Serialization

This document summarizes the serialization efforts of OSCAR, how it is supposed to work, how it works and the overall goal. Serialization broadly speaking is the process of reading and writing data. There are many reasons for this feature in OSCAR, but the main reason is communication on mathematics by mathematicians.

How it works

The mechanism for saving and loading is very simple. It is implemented via two methods save and load, and works in the following manner:

julia> save("/tmp/fourtitwo.json", 42);

julia> load("/tmp/fourtitwo.json")
42

As hinted by the filename, OSCAR writes a file in JSON format. The file looks as follows:

{
  "_ns": {
    "Oscar": [
      "https://github.com/oscar-system/Oscar.jl",
      "0.14.0-DEV-8fe2abbe39890a7d3324adcba7f91812119c586a"
    ]
  },
  "_type": "Base.Int",
  "data": "42"
}

It contains the version of OSCAR used for serialization. The content is "42", it represents a Base.Int, according to the _type field.

Implementation

All files for serialization can be found in the folder src/Serialization. The naming conventions of the files there follows the overall structure of OSCAR, i.e. the file src/Serialization/PolyhedralGeometry.jl contains functions for serializing objects of the polyhedral geometry section.
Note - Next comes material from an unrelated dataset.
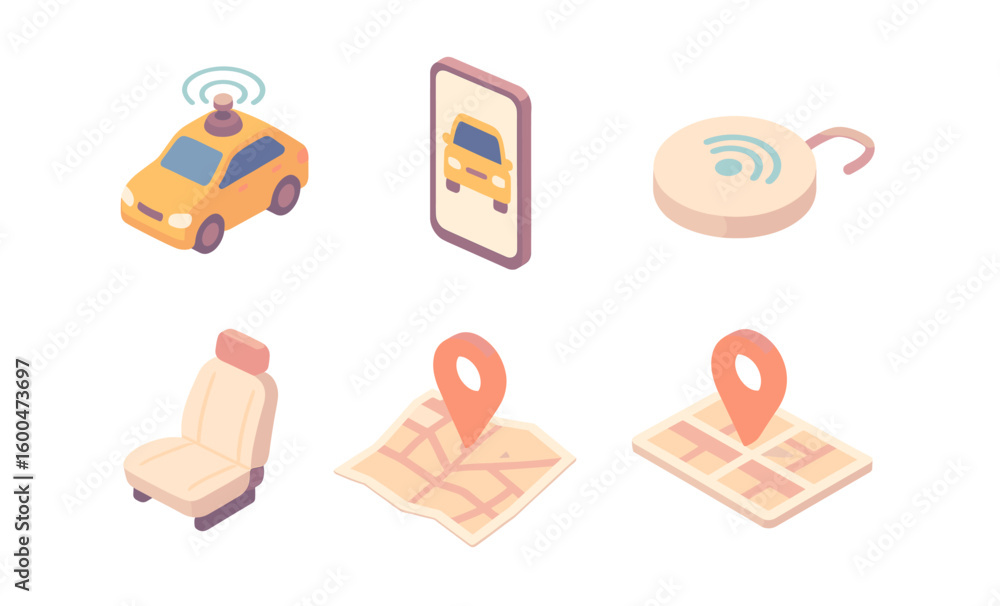 Poster isometric smart transport elements with maps and navigation icons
Description of the saving and loading mechanisms

We require that any types serialized through OSCAR are registered using @register_serialization_type. This is to ensure user safety during the load process by avoiding code evaluation.
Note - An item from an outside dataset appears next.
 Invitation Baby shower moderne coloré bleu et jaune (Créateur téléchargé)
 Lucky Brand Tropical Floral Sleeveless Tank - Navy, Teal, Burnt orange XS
@register_serialization_typeMacro
@register_serialization_type NewType "String Representation of type" uses_id uses_params

@register_serialization_type is a macro to ensure that the string we generate matches exactly the expression passed as first argument, and does not change in unexpected ways when import/export statements are adjusted.
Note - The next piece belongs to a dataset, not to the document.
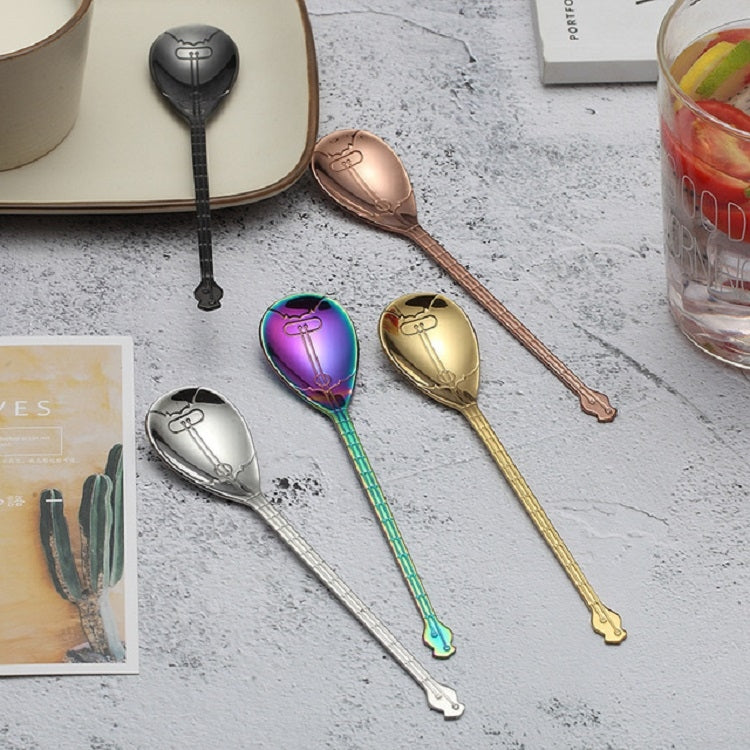 Stainless Steel Coffee Mixing Spoon Creative Musical Instrument Shape Spoon, Style:Yueqin, Color:Titanium Gold by bashfashion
The last three arguments are optional and can arise in any order. Passing a string argument will override how the type is stored as a string. The last two are boolean flags. When setting uses_id the object will be stored as a reference and will be referred to throughout the serialization sessions using a UUID. This should typically only be used for types that do not have a fixed normal form for example PolyRing and MPolyRing. Using the uses_params flag will serialize the object with a more structured type description which will make the serialization more efficient see the discussion on save_type_params / load_type_params below.

source

There are three pairs of saving and loading functions that are used during serialization:

  1. save_typed_object, load_typed_object
  2. save_object, load_object
  3. save_type_params, load_type_params

save_type_object / load_type_object

For the most part these functions should not be touched, they are high level functions and are used to (de)serialize the object with its type information as well as its data. The data and type nodes are set in save_typed_object resulting in a "data branch" and "type branch". The usage of these functions can be used inside save_object / load_object and save_type_params / load_type_params. However using save_typed_object inside a save_object implementation will lead to a verbose format and should at some point be moved to save_type_params. Their implemention can be found in the main.jl file.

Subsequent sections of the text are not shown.